Most diseases we screen for during pregnancy are rare.  And, if a counselor gives you a “kitchen sink” lineup of tests, your pregnancy may be screened for diseases you’re exceedingly unlikely to have.   For example, for a non-Jewish couple, the chances of having a baby with Tay-Sachs disease would be one in 62,500. (The risk of a non-Jewish person being a carrier is 1/250).

So, prior to learning anything from a screening test, it would be very unlikely that this gentile couple was having a baby with Tay-Sachs; the base rate of the disease is very low.  But suppose that the couple gets a positive result on a Tay-Sachs test.  Imagine even that the test was 100 percent accurate (in the true positive sense) but had a 10 percent chance of giving a false positive.

One of the easiest ways to reason about these kinds of statistics is just to remember your initial base rate (1 : 62,500 :: Tay-Sachs : Unaffected) and imagine that you’re actually dealing with a roomful of 62,501 children—only one of whom has Tay-Sachs.

That one child gets flagged by the 100 percent accurate (true positive) result.  But 10 percent of the healthy children get flagged, too.  Since you started with so many healthy children proportional to the one sick child (because Tay-Sachs is so rare among Gentiles), this means that 6,250 healthy pregnancies look like Tay-Sachs pregnancies.

So, with each positive test result, the chances that the woman is actually carrying a child with Tay-Sachs is 1 : 6250 or 0.016 percent.  The test did change the woman and her doctor’s initial expectation (they would have started off by thinking that it was a 0.0016 percent chance), but the risk is still so low that the woman might well decide that she wants to continue with her pregnancy.

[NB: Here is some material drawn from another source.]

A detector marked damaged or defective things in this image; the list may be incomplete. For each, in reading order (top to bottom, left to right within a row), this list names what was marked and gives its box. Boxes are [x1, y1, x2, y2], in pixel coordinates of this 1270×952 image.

That’s if the doctor explains the risk thoroughly, talking about false positives and the final odds.  But the odds of this happening, though not as low as the risk of Tay-Sachs to a non-Jewish couple, are still pretty unlikely.

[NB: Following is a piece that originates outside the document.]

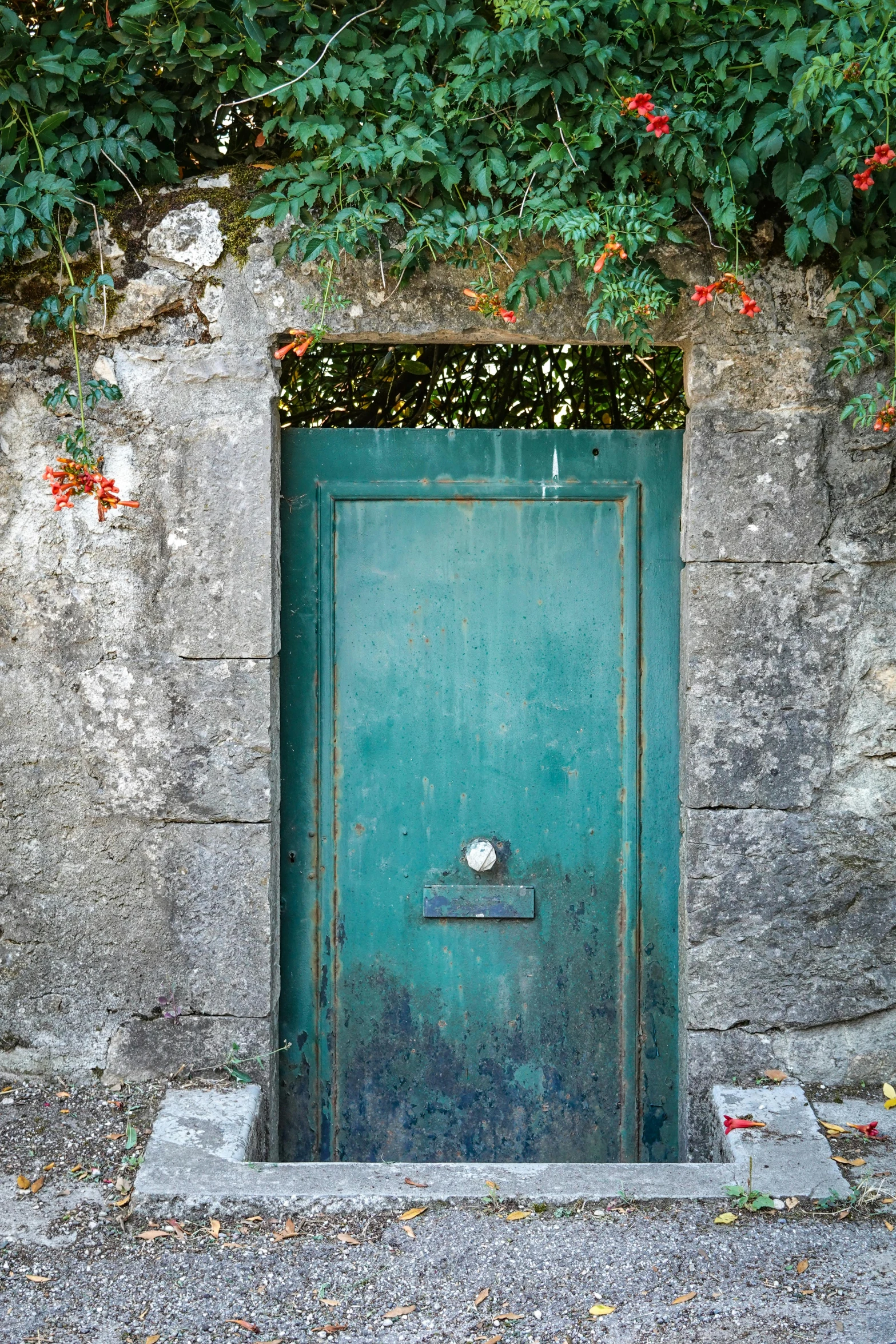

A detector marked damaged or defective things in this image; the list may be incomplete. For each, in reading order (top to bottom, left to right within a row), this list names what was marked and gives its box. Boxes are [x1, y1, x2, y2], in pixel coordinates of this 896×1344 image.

rusty metal surface [280, 430, 682, 1167]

No one’s done a survey of genetic counselors to check how well they understand the statistics of risk, but in a survey in which gynecologists were asked a similar question about screening and risks, over half of the physicians estimated that the chance of a woman with a positive mammogram having breast cancer was at least 80 percent.  The true risk of breast cancer (correctly supplied by only one in five doctors) was 1 percent.

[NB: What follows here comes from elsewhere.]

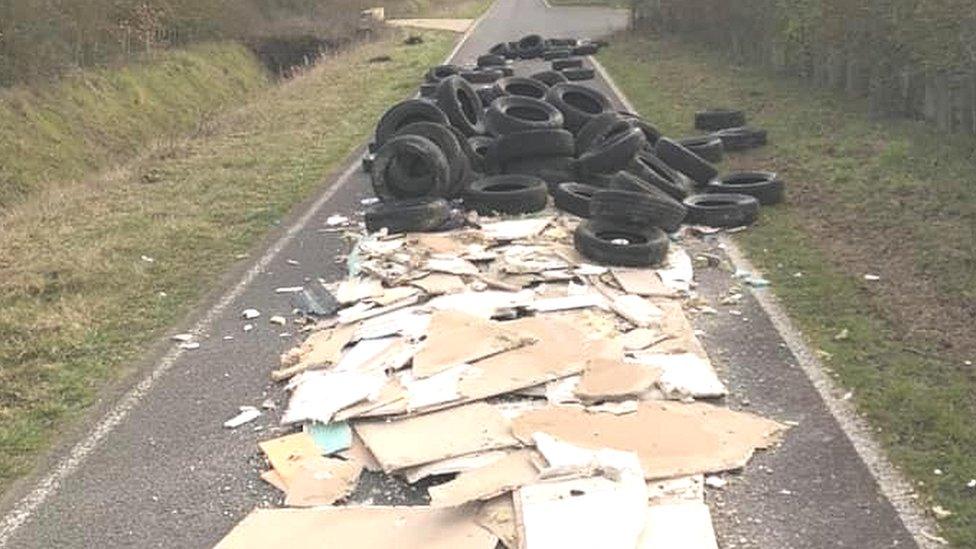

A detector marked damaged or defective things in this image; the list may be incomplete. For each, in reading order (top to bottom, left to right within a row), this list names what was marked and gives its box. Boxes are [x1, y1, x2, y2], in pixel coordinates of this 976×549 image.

Correcting these biases and misunderstandings isn’t just a matter of urging a patient not to take a test too seriously, whether the results are abortion or biopsies.  Sometimes the right—though counterintuitive—answer is not to do a kitchen sink screening test at all.

It makes no sense to check whether a non-Jewish couple has Tay-Sachs (or, in the eyes of the United States Preventive Services Task Force, whether a woman with no unusual risk factors has breast cancer).

Because the base rates are so low, even a positive result will still represent a chance of danger far below the threshold at which the patient or the doctor wants to take action.  And if you already know that you shouldn’t act based on a positive test result, what’s the point of running the analysis?

Unfortunately, the temptation to run every test available on a given sample remains, especially as scientists get better at amplifying fetal DNA and can run tests earlier, using a simple blood draw rather than requiring anything as invasive as amniocentesis.

In order to serve their patients well in the face of this impulse toward completionism, doctors need to review their statistics basics.  And also that line from medicine 101: “First, do no harm.”